> **The task**:
Give back exactly the line that contains "KTM 1290 Super Duke GT (2022 - 25) (11)" and all the lines after it in the records below, to the very last, with no other output.

> **Material to process**:
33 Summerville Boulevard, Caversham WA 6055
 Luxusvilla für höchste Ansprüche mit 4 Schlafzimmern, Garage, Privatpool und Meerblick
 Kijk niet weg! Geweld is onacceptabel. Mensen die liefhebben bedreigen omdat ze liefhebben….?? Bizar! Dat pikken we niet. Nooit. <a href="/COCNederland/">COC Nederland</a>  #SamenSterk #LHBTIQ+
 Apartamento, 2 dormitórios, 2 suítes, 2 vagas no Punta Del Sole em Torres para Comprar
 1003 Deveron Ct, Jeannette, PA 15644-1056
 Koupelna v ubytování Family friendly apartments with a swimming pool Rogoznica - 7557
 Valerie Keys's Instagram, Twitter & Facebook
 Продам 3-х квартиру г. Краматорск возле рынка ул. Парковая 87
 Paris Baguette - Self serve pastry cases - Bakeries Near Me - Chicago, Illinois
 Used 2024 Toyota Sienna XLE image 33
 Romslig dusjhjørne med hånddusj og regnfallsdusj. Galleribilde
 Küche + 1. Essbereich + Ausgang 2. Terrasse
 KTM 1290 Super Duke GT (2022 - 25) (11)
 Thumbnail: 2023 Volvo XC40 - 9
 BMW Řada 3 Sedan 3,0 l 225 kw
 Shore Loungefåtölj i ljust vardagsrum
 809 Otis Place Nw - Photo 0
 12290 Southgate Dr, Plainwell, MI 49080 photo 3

> **Exercise response**:
 KTM 1290 Super Duke GT (2022 - 25) (11)
 Thumbnail: 2023 Volvo XC40 - 9
 BMW Řada 3 Sedan 3,0 l 225 kw
 Shore Loungefåtölj i ljust vardagsrum
 809 Otis Place Nw - Photo 0
 12290 Southgate Dr, Plainwell, MI 49080 photo 3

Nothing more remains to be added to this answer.